We also learn that the Welsh "derive more happiness from watching sport (82 per cent)" than any other genre. Comedy makes 95 per cent of us happy, apparently. On the other hand, watching news and current affairs makes only 35 per cent of us happy. But - hold on - what's this?

We watch only four hours of comedy a week on average, but an hour of news and current affairs every week day. People are watching something that doesn't make them happy? How could this be?

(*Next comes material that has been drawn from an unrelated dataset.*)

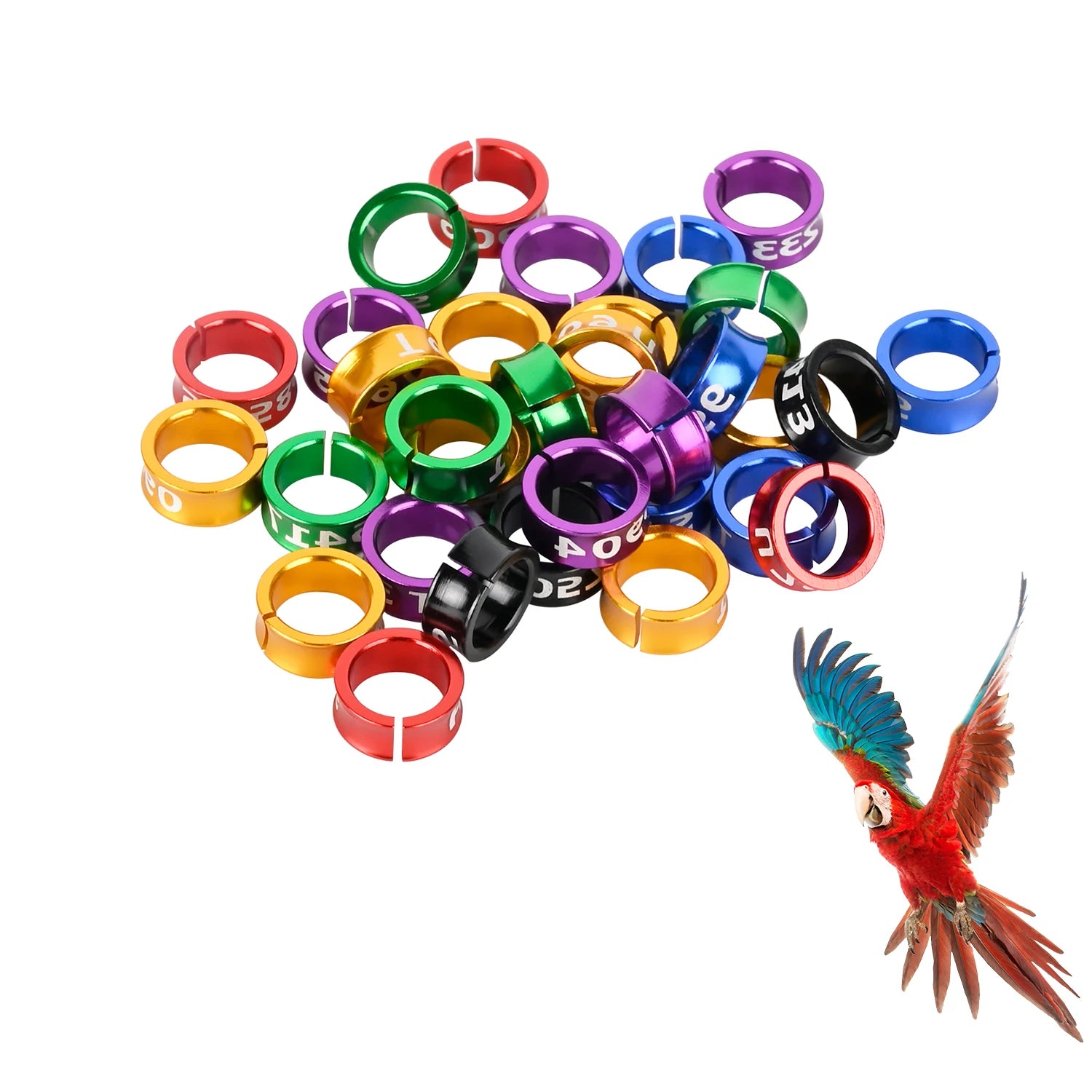 Bird BandsOpen Bird Foot Ring Aluminum Alloy Split Bird Leg Ring for ParrotsHibiscusPeoniesPigeons (7.0mm50pcs)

Evidently, more research needs to be commissioned - at the TV licence fee payers' expense, natch - to account for these inexplicable findings.

Alas, there's no mention of any unhappiness that a compulsory TV tax may bring about, particularly among the poor. An incredible 142,375 people were convicted and sentenced in 2011 for not paying for a TV licence - almost all at the bottom end of the socio-economic scale. 74 individuals have received prison sentences for non-payment of the tax, which is compulsory for anyone watching a live broadcast.

But maybe they just need to turns those frowns upside-down.

The report, titled the Telescope 2013 report, features a foreword from one Dr Mark Williamson, the Director of something called "Action for Happiness". This turns out to be a charity operating sites like this - One Happy Thought. AfH's funding comes from the Young Foundation, which in turn, relies heavily on funding by the taxpayer. Specifically, former Quango-turned-charity NESTA (£547,830); the National Youth Agency; LOCOG; and the many tentacles of NHS. It also receives money from Whitehall: the Department of Communities and Local Government, the Department of Health, the Department for Children Schools and Families contribute. Councils also chip in. The rest of the Young Foundation's funding is largely drawn from investments.

In other words, one state-funded body helps another to tell us how happy state funding makes us all. Wouldn't it be sensible, then, if we all worked for the state?

The money to fund this could come from a magic tree. We could call this The Tree of Happiness. ®

*TV Licensing is a registered trademark of the BBC and is used under licence by companies it contracts to collect fees and "enforce" the television licensing system.